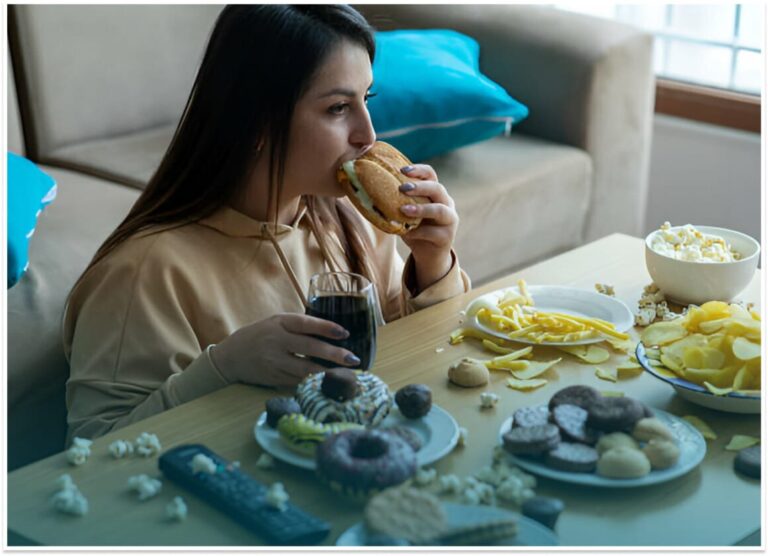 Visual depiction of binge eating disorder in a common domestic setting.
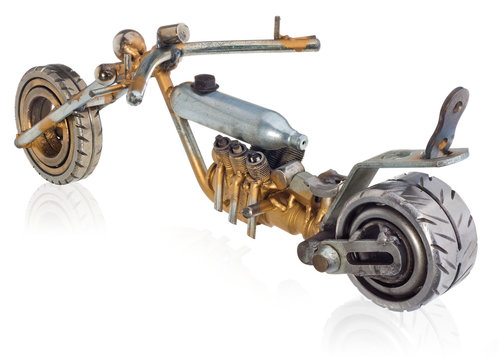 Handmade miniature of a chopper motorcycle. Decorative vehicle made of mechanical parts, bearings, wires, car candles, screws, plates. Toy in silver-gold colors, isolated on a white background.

● ● ● ●

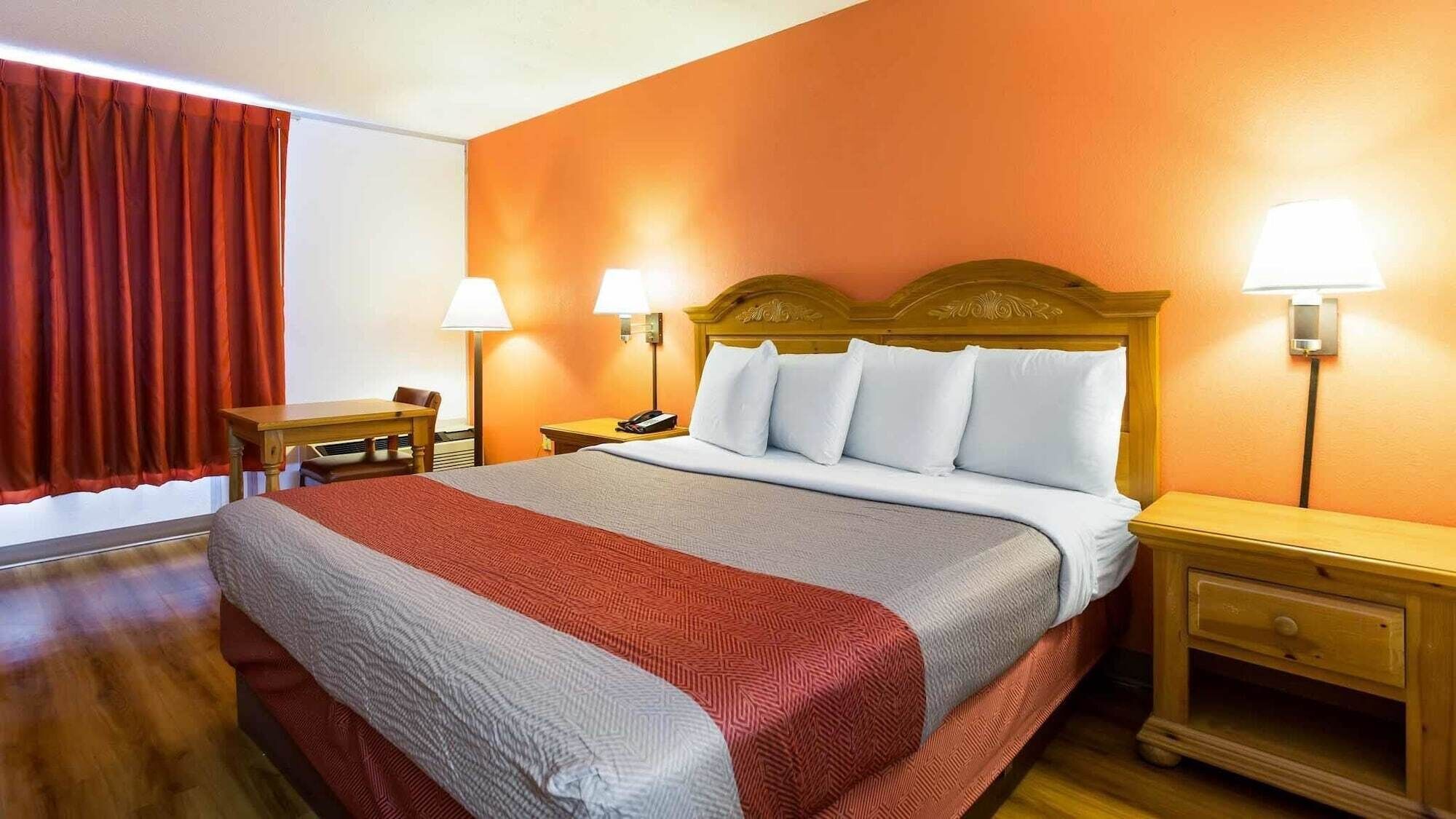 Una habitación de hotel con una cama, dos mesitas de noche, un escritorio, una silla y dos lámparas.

● ● ● ●

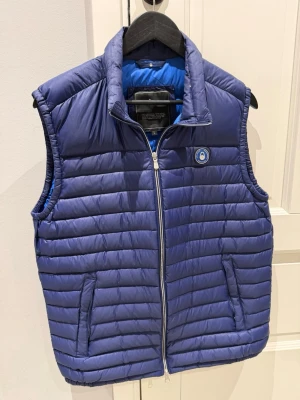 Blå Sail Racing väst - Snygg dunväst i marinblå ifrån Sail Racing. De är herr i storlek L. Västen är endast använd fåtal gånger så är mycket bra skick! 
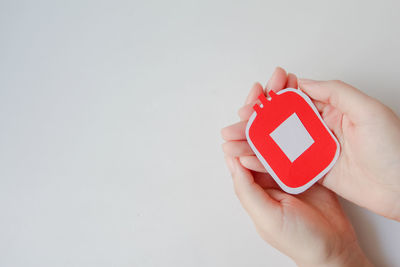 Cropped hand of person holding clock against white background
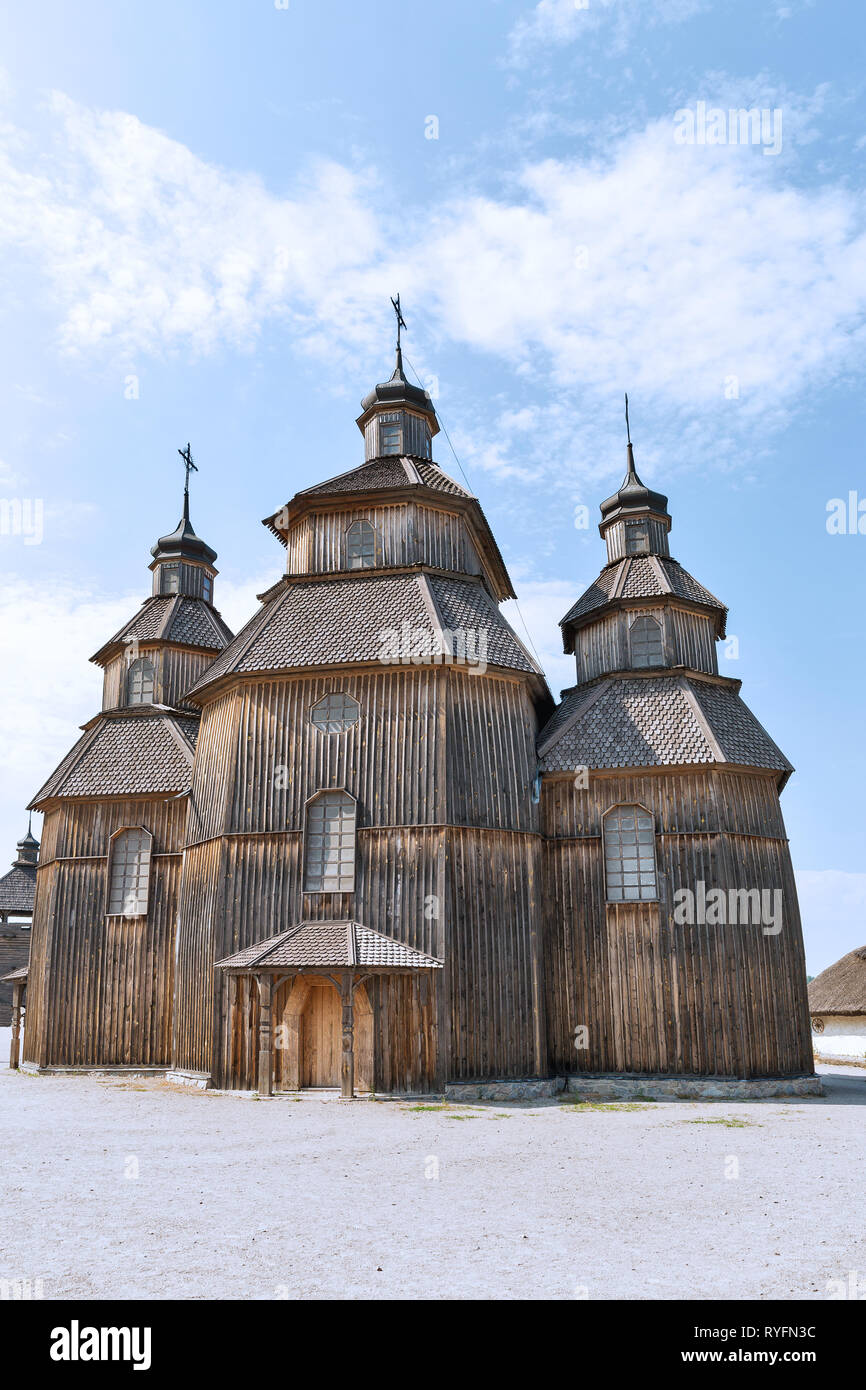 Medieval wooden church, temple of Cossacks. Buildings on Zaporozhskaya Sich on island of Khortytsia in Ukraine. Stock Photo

● ● ● ●

=== Activity ===
Range to print from the listing above: from the line with "Visual depiction of" up to and including the line with "Handmade miniature of". Please print those lines exactly, with no pictures and nothing more.

=== Solution for this problem ===
 Visual depiction of binge eating disorder in a common domestic setting.
 Handmade miniature of a chopper motorcycle. Decorative vehicle made of mechanical parts, bearings, wires, car candles, screws, plates. Toy in silver-gold colors, isolated on a white background.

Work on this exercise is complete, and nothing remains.